» Task to complete:
For the material below, return exactly the lines starting at the line containing "Adidas Tiro 24" and ending at the line containing "Fiesta Lime Chicken", both ends included, and no others.

» Information shown:
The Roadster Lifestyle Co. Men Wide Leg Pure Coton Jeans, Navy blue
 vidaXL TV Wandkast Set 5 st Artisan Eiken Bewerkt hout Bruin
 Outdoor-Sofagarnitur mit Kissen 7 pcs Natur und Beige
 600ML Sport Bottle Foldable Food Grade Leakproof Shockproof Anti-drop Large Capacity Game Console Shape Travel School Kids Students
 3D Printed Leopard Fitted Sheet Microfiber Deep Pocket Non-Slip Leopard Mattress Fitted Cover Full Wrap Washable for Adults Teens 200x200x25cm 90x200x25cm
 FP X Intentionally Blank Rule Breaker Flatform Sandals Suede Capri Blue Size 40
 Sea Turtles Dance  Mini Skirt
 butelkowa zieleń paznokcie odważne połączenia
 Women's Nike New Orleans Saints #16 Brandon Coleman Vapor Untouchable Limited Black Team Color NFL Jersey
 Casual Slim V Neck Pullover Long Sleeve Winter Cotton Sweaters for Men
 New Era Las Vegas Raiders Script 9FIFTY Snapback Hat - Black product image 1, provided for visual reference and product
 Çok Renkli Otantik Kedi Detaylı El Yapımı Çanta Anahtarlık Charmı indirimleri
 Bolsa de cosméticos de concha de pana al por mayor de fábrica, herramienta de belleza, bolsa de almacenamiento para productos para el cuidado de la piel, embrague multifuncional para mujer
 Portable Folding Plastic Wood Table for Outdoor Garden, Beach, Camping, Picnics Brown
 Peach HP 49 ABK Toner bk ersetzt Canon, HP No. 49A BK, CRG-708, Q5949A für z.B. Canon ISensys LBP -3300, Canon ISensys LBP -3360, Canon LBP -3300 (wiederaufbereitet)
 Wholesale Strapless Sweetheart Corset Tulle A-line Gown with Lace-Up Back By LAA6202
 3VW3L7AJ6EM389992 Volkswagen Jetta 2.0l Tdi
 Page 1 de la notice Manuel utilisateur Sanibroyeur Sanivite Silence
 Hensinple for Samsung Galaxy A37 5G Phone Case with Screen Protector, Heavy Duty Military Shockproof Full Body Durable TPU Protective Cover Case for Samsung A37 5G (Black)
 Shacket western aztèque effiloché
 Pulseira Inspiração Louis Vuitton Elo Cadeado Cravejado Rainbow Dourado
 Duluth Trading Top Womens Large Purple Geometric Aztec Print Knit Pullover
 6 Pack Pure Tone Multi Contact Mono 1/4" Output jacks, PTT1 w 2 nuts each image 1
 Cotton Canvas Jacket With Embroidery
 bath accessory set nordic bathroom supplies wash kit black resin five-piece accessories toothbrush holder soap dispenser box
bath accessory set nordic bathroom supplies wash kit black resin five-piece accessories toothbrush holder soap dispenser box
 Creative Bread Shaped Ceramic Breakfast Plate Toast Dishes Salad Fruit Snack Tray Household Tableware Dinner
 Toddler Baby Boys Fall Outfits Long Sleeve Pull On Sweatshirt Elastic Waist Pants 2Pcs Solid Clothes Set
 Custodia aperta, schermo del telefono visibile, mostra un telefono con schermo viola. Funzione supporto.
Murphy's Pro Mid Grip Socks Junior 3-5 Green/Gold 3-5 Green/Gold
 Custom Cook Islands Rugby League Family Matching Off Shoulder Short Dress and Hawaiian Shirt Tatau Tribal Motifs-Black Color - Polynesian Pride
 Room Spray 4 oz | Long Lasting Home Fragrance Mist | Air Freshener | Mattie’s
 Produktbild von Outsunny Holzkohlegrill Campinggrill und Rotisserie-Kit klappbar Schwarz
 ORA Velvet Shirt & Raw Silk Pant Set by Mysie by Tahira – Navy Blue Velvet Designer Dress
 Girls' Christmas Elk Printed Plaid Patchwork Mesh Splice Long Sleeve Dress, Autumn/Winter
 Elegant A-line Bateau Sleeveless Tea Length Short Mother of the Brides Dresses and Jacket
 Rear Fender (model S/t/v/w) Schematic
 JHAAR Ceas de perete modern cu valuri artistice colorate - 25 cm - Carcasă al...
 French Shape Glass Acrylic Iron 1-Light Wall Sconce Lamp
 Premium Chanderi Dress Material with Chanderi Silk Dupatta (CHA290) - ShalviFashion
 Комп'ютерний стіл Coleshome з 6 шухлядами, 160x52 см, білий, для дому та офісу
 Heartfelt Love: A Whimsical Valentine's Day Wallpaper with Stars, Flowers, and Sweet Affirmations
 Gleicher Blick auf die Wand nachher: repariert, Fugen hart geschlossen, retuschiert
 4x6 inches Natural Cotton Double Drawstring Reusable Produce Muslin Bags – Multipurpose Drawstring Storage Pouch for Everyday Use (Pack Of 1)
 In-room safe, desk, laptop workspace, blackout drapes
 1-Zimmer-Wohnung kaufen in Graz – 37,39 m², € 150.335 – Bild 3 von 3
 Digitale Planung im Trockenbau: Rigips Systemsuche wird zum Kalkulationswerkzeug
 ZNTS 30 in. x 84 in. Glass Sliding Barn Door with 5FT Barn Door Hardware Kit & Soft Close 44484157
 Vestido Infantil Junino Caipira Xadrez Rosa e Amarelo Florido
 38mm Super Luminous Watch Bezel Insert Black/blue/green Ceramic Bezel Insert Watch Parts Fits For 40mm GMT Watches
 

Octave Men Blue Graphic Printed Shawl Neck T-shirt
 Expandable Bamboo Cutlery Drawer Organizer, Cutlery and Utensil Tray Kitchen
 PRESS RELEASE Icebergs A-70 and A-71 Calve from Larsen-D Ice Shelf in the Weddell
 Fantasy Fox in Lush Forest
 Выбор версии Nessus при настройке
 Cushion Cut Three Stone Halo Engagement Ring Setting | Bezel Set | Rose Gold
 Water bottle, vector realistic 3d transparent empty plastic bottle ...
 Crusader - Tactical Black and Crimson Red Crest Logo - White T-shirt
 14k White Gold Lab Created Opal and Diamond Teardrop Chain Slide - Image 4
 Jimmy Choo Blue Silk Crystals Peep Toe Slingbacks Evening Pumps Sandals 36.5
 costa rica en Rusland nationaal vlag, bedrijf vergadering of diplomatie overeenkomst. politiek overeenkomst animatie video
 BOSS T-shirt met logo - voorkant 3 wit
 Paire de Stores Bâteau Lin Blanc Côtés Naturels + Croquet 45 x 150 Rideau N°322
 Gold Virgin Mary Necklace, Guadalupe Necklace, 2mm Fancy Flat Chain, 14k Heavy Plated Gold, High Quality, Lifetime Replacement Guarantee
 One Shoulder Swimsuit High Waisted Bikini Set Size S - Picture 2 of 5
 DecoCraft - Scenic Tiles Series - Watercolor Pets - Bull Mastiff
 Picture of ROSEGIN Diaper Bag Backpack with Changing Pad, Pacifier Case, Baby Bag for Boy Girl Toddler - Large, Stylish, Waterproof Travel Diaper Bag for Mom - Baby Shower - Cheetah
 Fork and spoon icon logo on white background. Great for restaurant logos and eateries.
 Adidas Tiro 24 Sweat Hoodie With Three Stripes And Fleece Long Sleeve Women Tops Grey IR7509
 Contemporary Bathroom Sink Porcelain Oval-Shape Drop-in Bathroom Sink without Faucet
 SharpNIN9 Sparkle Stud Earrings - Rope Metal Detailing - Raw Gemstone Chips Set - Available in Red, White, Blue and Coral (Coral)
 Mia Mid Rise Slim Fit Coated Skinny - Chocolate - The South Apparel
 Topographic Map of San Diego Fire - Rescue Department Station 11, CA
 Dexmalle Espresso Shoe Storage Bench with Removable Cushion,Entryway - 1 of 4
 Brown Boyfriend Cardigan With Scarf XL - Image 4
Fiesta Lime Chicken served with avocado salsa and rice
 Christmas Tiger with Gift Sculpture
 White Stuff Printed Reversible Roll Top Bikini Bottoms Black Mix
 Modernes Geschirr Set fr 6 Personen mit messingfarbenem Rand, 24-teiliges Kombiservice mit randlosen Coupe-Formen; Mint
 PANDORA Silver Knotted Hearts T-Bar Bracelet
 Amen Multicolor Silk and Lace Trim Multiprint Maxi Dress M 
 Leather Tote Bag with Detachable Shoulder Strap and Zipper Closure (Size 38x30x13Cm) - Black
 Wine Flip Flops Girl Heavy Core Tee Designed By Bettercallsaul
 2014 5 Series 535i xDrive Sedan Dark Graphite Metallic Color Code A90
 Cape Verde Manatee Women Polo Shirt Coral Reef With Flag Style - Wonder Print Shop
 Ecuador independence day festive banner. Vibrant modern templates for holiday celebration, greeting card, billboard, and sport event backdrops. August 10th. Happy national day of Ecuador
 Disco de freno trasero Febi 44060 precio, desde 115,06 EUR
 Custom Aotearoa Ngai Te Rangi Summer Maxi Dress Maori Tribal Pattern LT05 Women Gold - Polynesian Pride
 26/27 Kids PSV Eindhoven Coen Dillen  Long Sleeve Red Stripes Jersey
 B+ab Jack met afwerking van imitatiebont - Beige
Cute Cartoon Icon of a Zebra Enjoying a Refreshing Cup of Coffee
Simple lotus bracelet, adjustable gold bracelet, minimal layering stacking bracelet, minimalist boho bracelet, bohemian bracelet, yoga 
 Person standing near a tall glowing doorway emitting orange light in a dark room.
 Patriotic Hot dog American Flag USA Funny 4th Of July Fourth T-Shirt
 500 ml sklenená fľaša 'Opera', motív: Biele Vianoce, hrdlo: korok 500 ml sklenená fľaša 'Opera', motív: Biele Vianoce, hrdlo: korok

» Task answer:
 Adidas Tiro 24 Sweat Hoodie With Three Stripes And Fleece Long Sleeve Women Tops Grey IR7509
 Contemporary Bathroom Sink Porcelain Oval-Shape Drop-in Bathroom Sink without Faucet
 SharpNIN9 Sparkle Stud Earrings - Rope Metal Detailing - Raw Gemstone Chips Set - Available in Red, White, Blue and Coral (Coral)
 Mia Mid Rise Slim Fit Coated Skinny - Chocolate - The South Apparel
 Topographic Map of San Diego Fire - Rescue Department Station 11, CA
 Dexmalle Espresso Shoe Storage Bench with Removable Cushion,Entryway - 1 of 4
 Brown Boyfriend Cardigan With Scarf XL - Image 4
Fiesta Lime Chicken served with avocado salsa and rice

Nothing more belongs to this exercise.